Third line: PC coordinates of Intended Sample(the sample your are interested)

Fourth line: Estimated contamination level

Since last version, we also provided backward compatible output file result.selfSM, format description same as vb1(https://genome.sph.umich.edu/wiki/VerifyBamID)

Generating your own resource files.

For producing customized resource files to be used as the input argument of verifyBamID2 generation, you need to start with a VCF file and FASTA formatted reference files. Please refer to the example below.

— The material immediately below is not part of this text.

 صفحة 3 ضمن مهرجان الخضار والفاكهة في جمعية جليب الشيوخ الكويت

VerifyBamID --RefVCF ReferencePanel.vcf.gz --BamFile ./resource/test/test.bam --Reference ./resource/test/chr20.fa.gz

In the example above, the expected output file names will be ReferencePanel.vcf.gz.UD, ReferencePanel.vcf.gz.mu, ReferencePanel.vcf.gz.bed

Generating PC plot

After each run, you will get the contamination Alpha estimation, as well as ancestry PC coordinates for both intended sample and contaminating sample.

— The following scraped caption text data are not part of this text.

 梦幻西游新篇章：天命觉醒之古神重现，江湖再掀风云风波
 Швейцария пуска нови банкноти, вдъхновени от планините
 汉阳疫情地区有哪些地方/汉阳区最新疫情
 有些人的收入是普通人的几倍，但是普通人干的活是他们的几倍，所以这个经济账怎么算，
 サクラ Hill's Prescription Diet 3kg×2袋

You may want to visualize these information, in that case, the PC coordinates files(ending with .V) in $(VERIFY_BAM_ID_HOME)/resource/ might help you by providing background PC points of 1000 Genomes Project samples(e.g. 1000g.100k.b38.vcf.gz.dat.V) or of Human Genome Diversity Project samples(e.g. hgdp.100k.b38.vcf.gz.dat.V)

We also provide script to generate PC plot with customized dataset as background points, for example:

sh $(VERIFY_BAM_ID_HOME)/bin/run.plot.sh -i ./resource/test/hapmap_3.3.b37.dat.V -o ./resource/test/hapmap -r 1000g -g grey

You may run sh $(VERIFY_BAM_ID_HOME)/bin/run.plot.sh -h for further help.

Contributing

  1. Fork it!
  2. Create your feature branch: git checkout -b my-new-feature
  3. Commit your changes: git commit -am 'Add some feature'
  4. Push to the branch: git push origin my-new-feature
  5. Submit a pull request :D

Bug Report

fanzhang@umich.edu

License

This project is licensed under the terms of the MIT license.